Le meurtre de Saltanat Nukenova par son mari a mis en lumière la cruelle réalité de la violence familiale et du féminicide au Kazakhstan et dans les pays voisins. Le procès a été retransmis en ligne par tous les médias - une première dans ce pays - et suivi chaque jour par plus de 3,5 millions de personnes. Le silence qui permettait la poursuite effrénée et la normalisation des violences envers les femmes a volé en éclats.
« Saltanat était une personne brillante et gentille, elle était l'âme de notre famille. Sa perte a été un véritable choc et est irrémédiable, mais je l'ai aussi ressentie comme un appel à l'action », déclare M. Amangeldi, qui n'a pas seulement cherché à obtenir justice pour sa sœur, mais qui a également créé et dirige un réseau de volontaires apportant un soutien aux victimes et aux survivantes de violence familiale. Ce réseau leur fournit un hébergement d'urgence, anime un service d'assistance juridique, les aide à déménager vers un lieu sûr, les aide à trouver un emploi, et leur offre encore bien d'autres services. Il tente également de créer et de faire enregistrer une fondation pour continuer à soutenir les survivantes.
Tout a commencé par un appel à l'aide, suivi de nombreux autres, émanant de femmes craignant pour leur vie. Dans le même temps, la famille de Saltanat a bénéficié d'un élan de soutien de la part de la population. M. Amangeldi s'est rendu compte qu'il pouvait mettre en contact les personnes dans le besoin et celles qui étaient prêtes à les aider.
« Je me souviens encore du premier cas, lorsqu'une femme était traquée et recevait des menaces de mort de son ex-mari. J'ai payé son garde du corps pendant trois jours », se souvient M. Amangeldi. Avec l'aide de volontaires, il a aidé cette femme à intenter une action en justice qui a conduit à l'arrestation de l'agresseur.
Le premier message de M. Amangeldi demandant des volontaires, publié sur les réseaux sociaux, lui a valu les réponses de 500 personnes en quelques jours. Actuellement, le réseau de volontaires compte plus de 3 000 membres actifs qui ont déjà travaillé sur 1 200 cas de violence familiale et de féminicide.
À l'échelle mondiale, toutes les 10 minutes, une femme est tuée par son partenaire intime ou un membre de sa famille. Selon les statistiques officielles, au Kazakhstan, chaque année, au moins 80 femmes sont tuées par leur partenaire.
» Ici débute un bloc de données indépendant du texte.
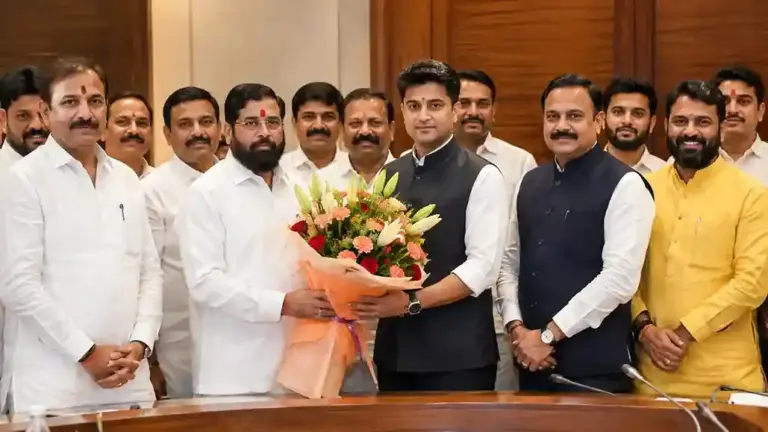 Cabinet Expansion Speculation  કેન્દ્રીય મંત્રીમંડળમાં મોટા ફેરફારના એંધાણ શિવસેના (શિંદે જૂથ) ના આ સાંસદોને મળી શકે છે 'મંત્રી પદ'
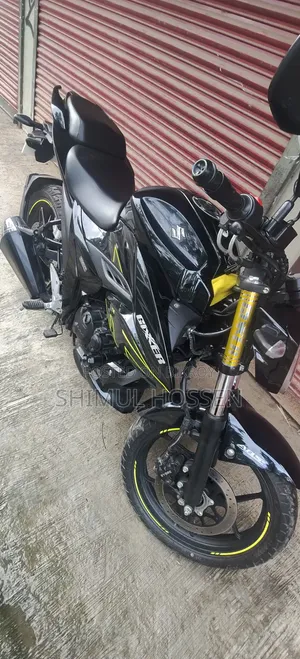 সুজুকি জিক্সার ২০২৫ কালো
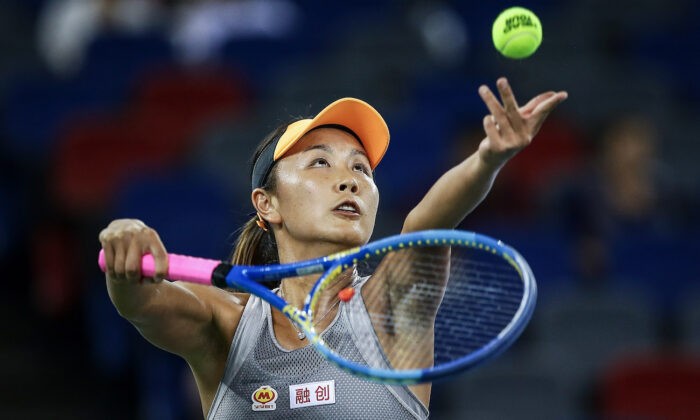 Пэн Шуай на матче против Гарбине Мугуруса из Испании в турнире Dongfeng Motor Wuhan Open 2019 года в Международном теннисном центре Optics Valley в Ухане, Китай, 23 сентября 2019 года. Фото: Wang He/Getty Images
Chaque jour, environ 300 cas de violence familiale sont dénoncés à la police.
Et pourtant, la violence familiale y a été dépénalisée en 2017, ce qui renforce la normalisation de la violence au sein de la famille.
À la suite du procès de Saltanat, des milliers de personnes ont protesté en ligne et lors de manifestations pacifiques dans le monde entier pour réclamer justice et appeler le Kazakhstan à pénaliser la violence familiale.
« La réaction de l'opinion publique à notre procès m'a montré sa puissance, ajoute M. Amangeldi. Presque tous les blogueurs ont exprimé leur soutien à notre famille et dénoncé cette violence, créant ainsi une vague sans précédent de réaction sociétale face à la violence basée sur le genre dans notre pays. Ce mouvement uni est à même d'influencer les lois, les politiques et les réponses officielles. »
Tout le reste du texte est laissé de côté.